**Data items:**
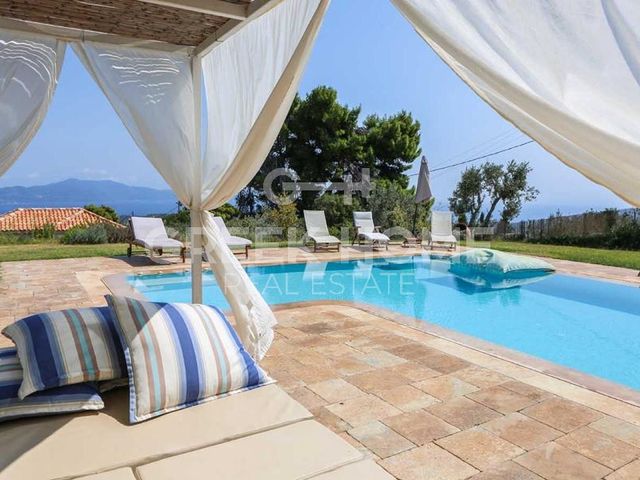 11-bedroom freehold villa in Skiathos — photo 5 of 5
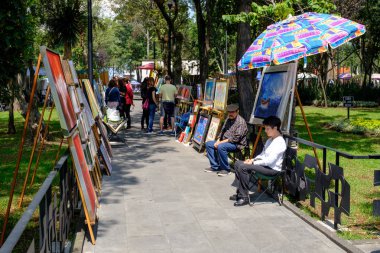 Mexico City, Meksika - Temmuz 14,2018: San melek mahalle satan resim sergisi ve geleneksel sanat eserleri ünlü Cumartesi Pazar
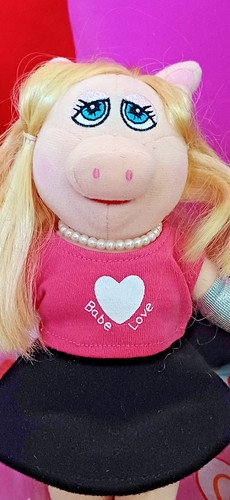 Miss piggy babe love - "babe, love"
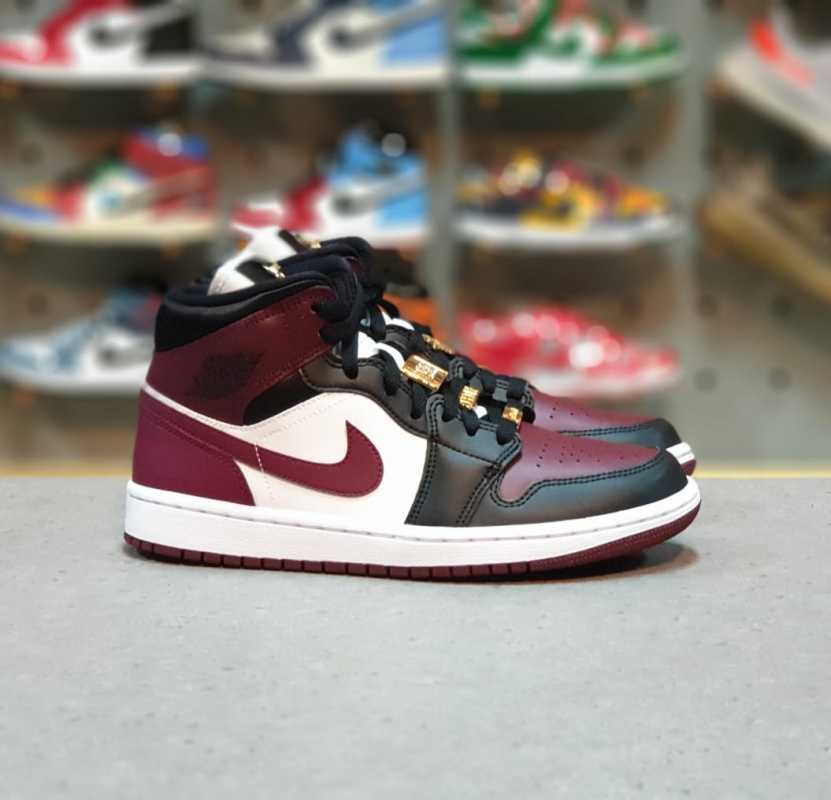 Air jordan shop 1 mid burgundy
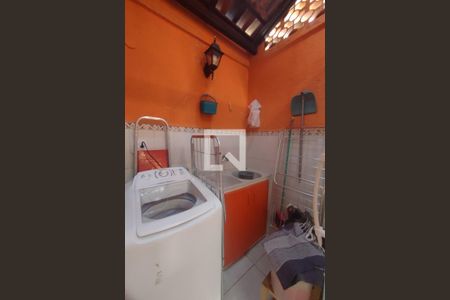 Casa de condomínio à venda com 191m², 4 quartos e 2 vagasÁrea de Serviço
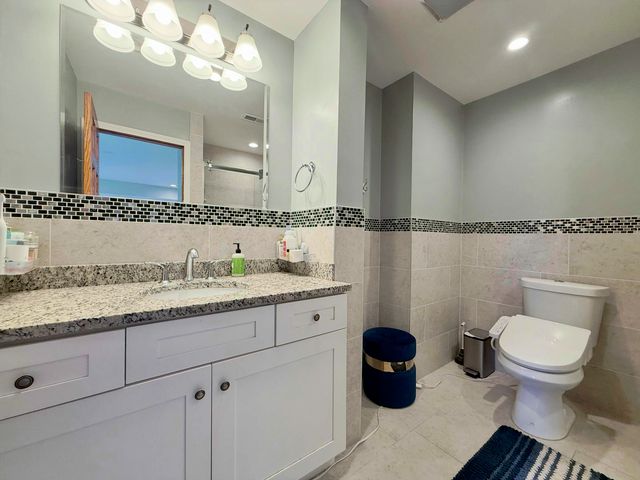 38 Ct of Greenway, Northbrook, IL 60062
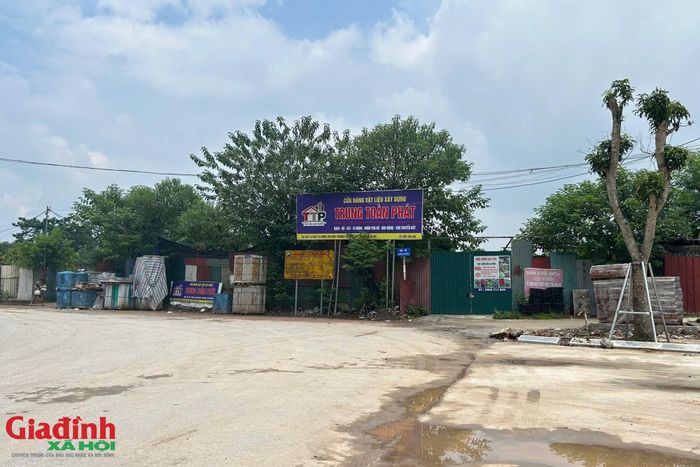 Còn tại khu vực cuối ngõ 139 Phú Diễn, tiếp giáp hành lang đường sắt, nhiều khu đất cũng được quây tôn kín, bên trong tập kết khối lượng lớn vật liệu xây dựng, đất đá, phế thải xây dựng.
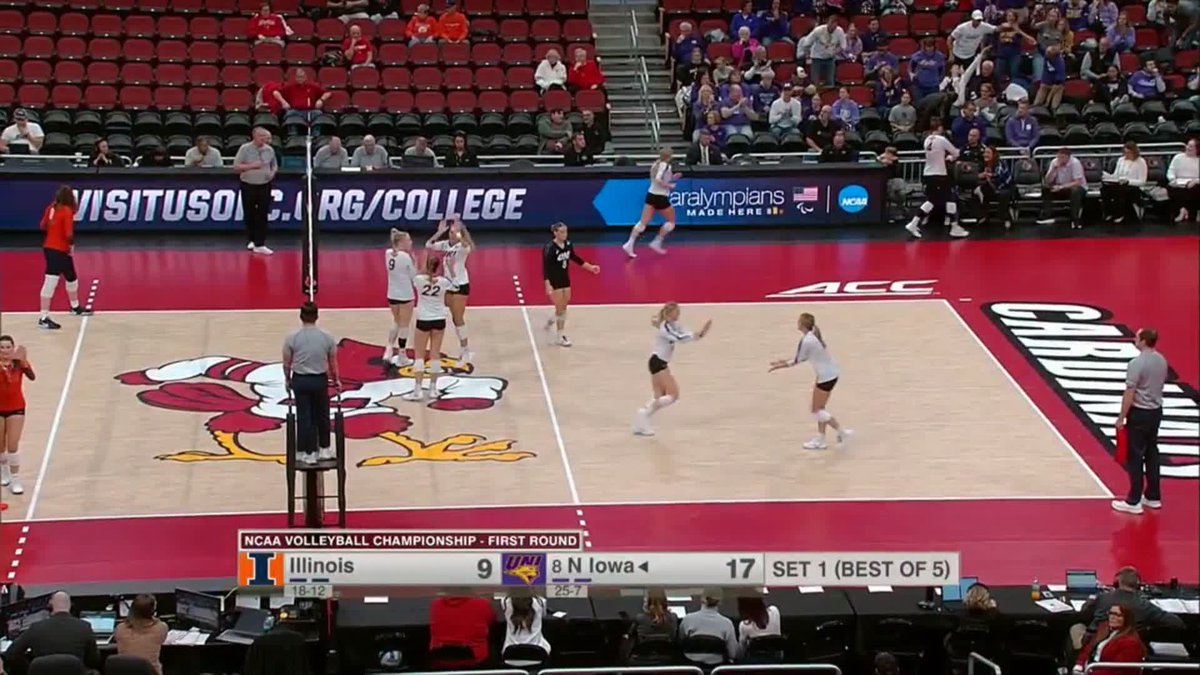 PANTHERS ARE FEELING IT 😤 #NCAAWVB x 🎥 ESPN+ / UNI Volleyball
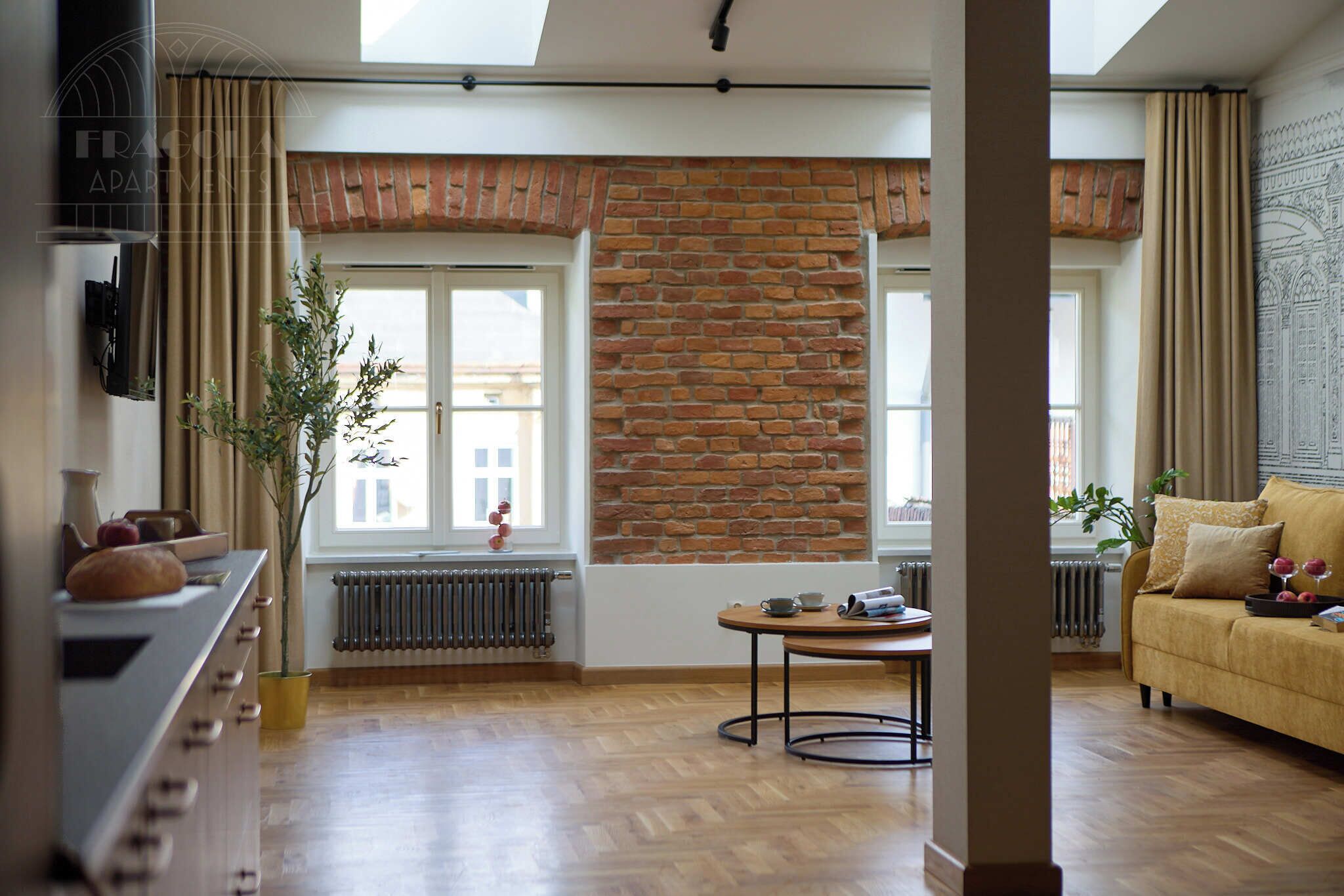 Apartment, 1 Bedroom, Kitchenette, Mezzanine | Living area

**EXERCISE GOAL:** Write out every record exactly. Leave the pictures out.

**TASK ANSWER:**
 11-bedroom freehold villa in Skiathos — photo 5 of 5
 Mexico City, Meksika - Temmuz 14,2018: San melek mahalle satan resim sergisi ve geleneksel sanat eserleri ünlü Cumartesi Pazar
 Miss piggy babe love - "babe, love"
 Air jordan shop 1 mid burgundy
 Casa de condomínio à venda com 191m², 4 quartos e 2 vagasÁrea de Serviço
 38 Ct of Greenway, Northbrook, IL 60062
 Còn tại khu vực cuối ngõ 139 Phú Diễn, tiếp giáp hành lang đường sắt, nhiều khu đất cũng được quây tôn kín, bên trong tập kết khối lượng lớn vật liệu xây dựng, đất đá, phế thải xây dựng.
 PANTHERS ARE FEELING IT 😤 #NCAAWVB x 🎥 ESPN+ / UNI Volleyball
 Apartment, 1 Bedroom, Kitchenette, Mezzanine | Living area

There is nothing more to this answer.